▶ [WHAT THE TASK ASKS]:
Write out the entries below exactly, but only from the line containing "12 Sunset Dr, Titusville, FL 32780" through the line containing "Image 4 of 74 For 7445 Balcom Avenue", and without the pictures.

▶ [DATA TO USE]:
----

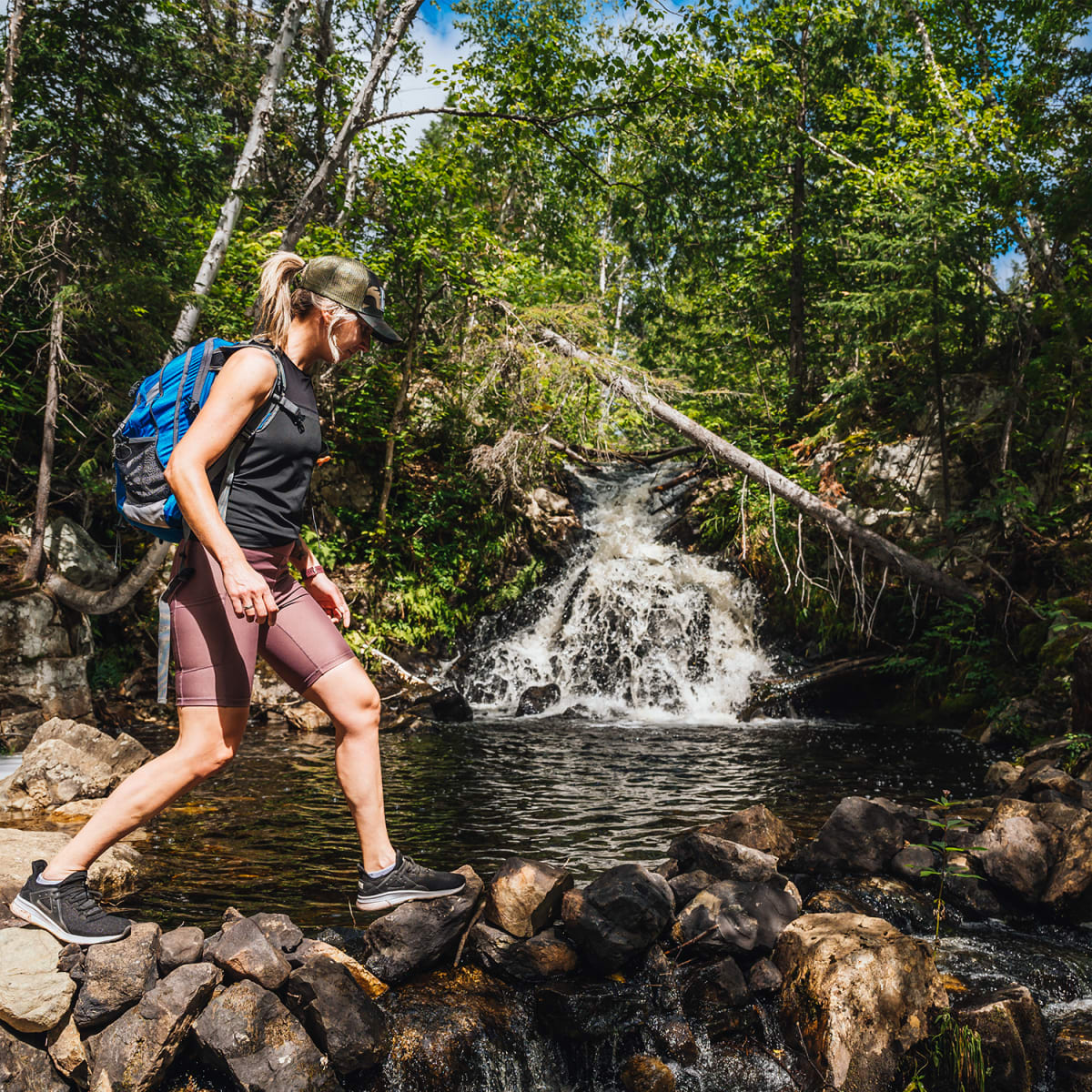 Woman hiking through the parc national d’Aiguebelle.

----

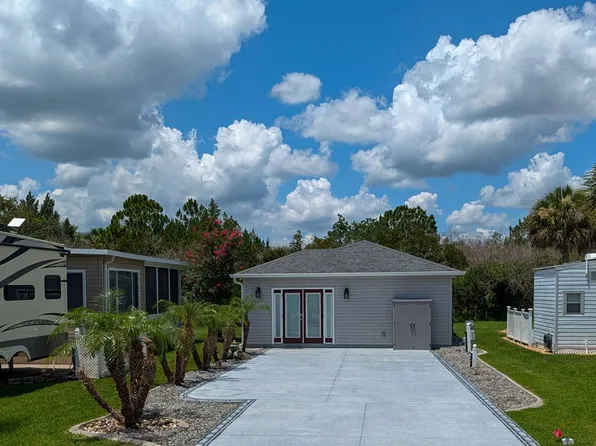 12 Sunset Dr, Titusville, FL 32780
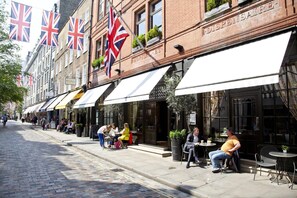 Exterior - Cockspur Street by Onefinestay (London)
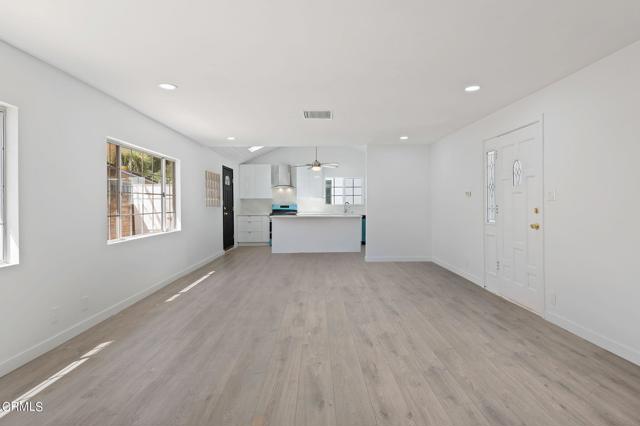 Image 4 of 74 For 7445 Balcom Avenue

----

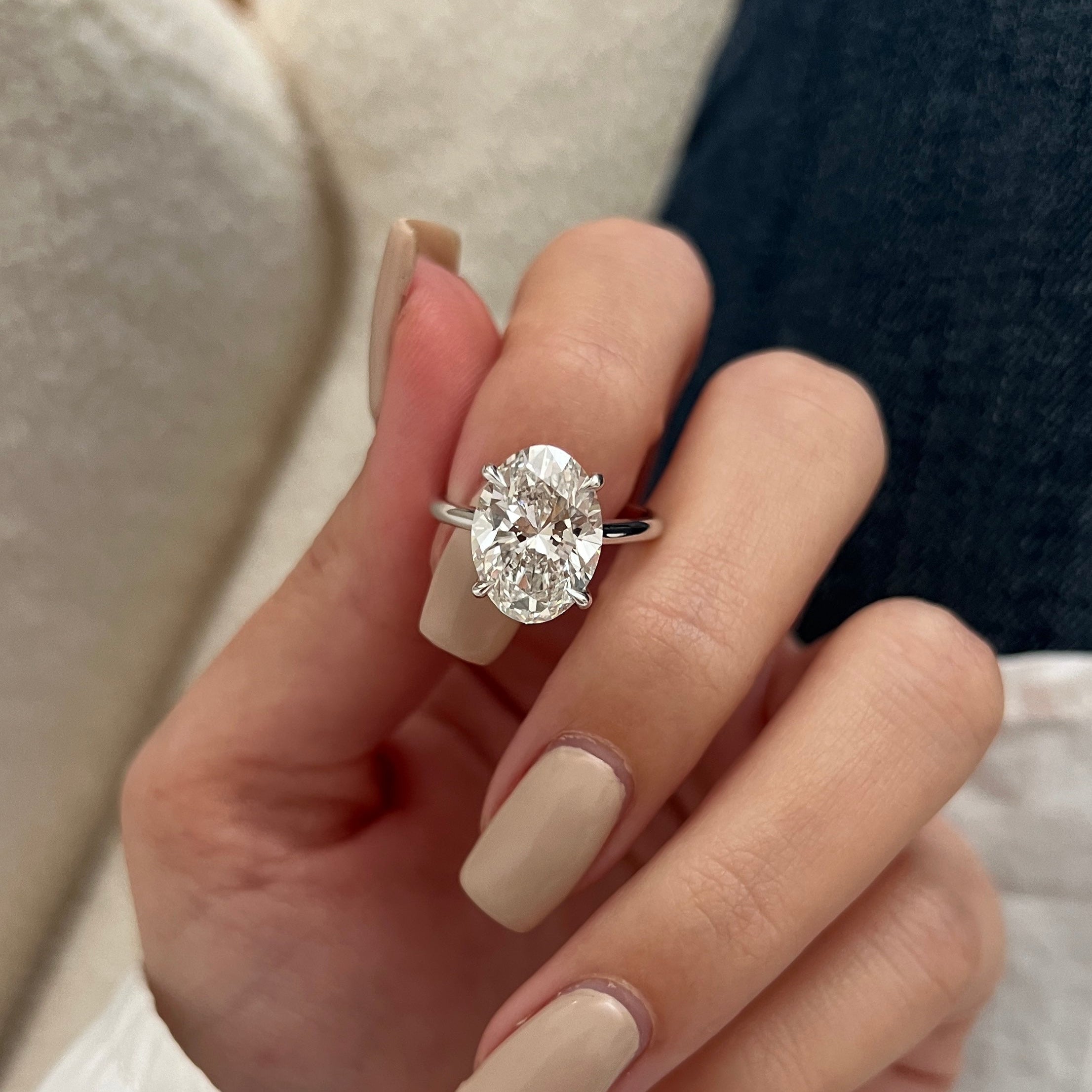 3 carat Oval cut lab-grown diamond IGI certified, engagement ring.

----

▶ [SOLUTION TO THE PROBLEM]:
 12 Sunset Dr, Titusville, FL 32780
 Exterior - Cockspur Street by Onefinestay (London)
 Image 4 of 74 For 7445 Balcom Avenue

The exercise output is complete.